ENTRIES PROVIDED —
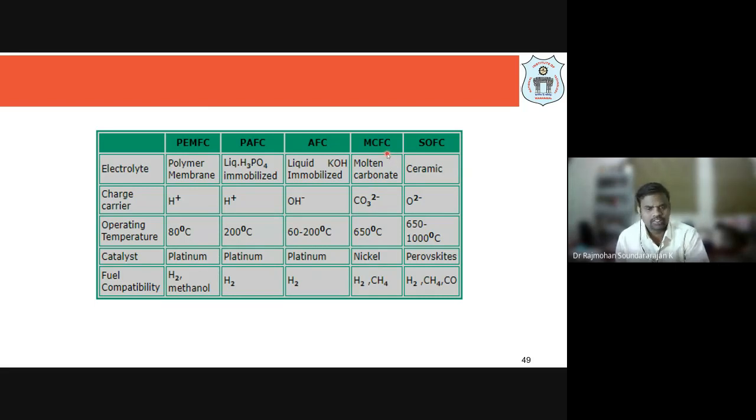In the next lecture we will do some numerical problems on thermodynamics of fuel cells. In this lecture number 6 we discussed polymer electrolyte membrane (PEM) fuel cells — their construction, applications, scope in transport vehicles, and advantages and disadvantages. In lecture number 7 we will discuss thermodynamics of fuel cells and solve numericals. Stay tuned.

---

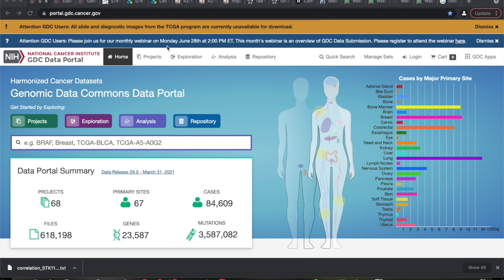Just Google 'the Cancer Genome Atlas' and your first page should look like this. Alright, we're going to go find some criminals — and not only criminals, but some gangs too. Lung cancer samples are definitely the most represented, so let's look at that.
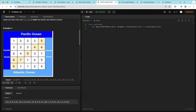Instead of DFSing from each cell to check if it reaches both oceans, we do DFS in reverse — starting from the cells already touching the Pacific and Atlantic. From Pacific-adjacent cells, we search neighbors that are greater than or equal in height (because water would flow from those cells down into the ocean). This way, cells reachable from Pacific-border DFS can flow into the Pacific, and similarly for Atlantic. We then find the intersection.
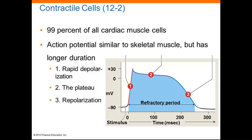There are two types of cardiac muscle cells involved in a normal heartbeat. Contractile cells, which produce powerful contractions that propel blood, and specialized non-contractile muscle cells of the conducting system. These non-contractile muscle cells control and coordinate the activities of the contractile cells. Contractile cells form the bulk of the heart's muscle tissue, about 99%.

* * *

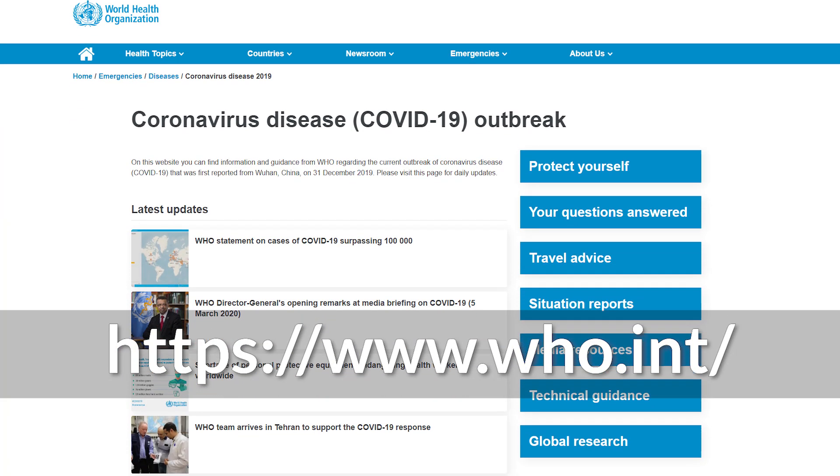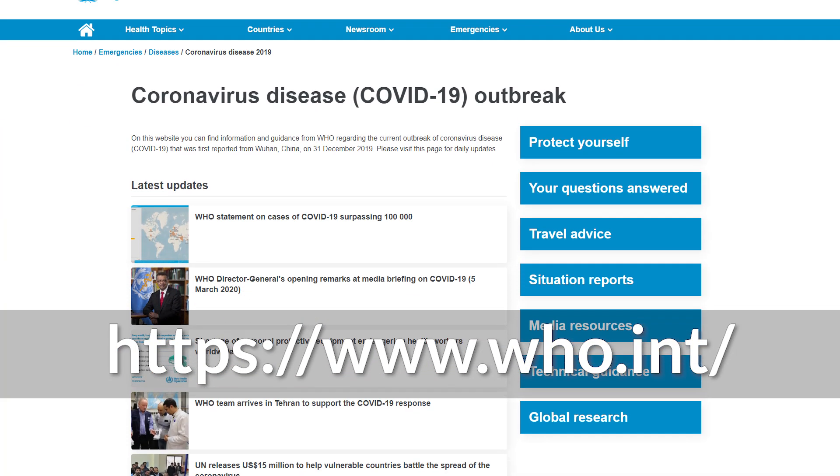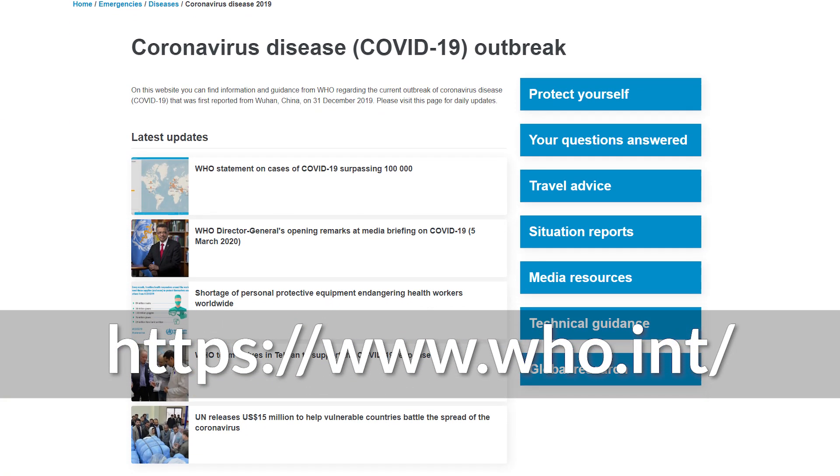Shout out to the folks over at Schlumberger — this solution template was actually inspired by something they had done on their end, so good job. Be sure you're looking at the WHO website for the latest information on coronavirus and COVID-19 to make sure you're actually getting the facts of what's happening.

DESCRIPTION OF THE TASK — In the listing above, find the line containing "Instead of DFSing" and the line containing "There are two". Print those two lines and every line between them exactly, with no pictures.

WORKED SOLUTION —
Instead of DFSing from each cell to check if it reaches both oceans, we do DFS in reverse — starting from the cells already touching the Pacific and Atlantic. From Pacific-adjacent cells, we search neighbors that are greater than or equal in height (because water would flow from those cells down into the ocean). This way, cells reachable from Pacific-border DFS can flow into the Pacific, and similarly for Atlantic. We then find the intersection.
There are two types of cardiac muscle cells involved in a normal heartbeat. Contractile cells, which produce powerful contractions that propel blood, and specialized non-contractile muscle cells of the conducting system. These non-contractile muscle cells control and coordinate the activities of the contractile cells. Contractile cells form the bulk of the heart's muscle tissue, about 99%.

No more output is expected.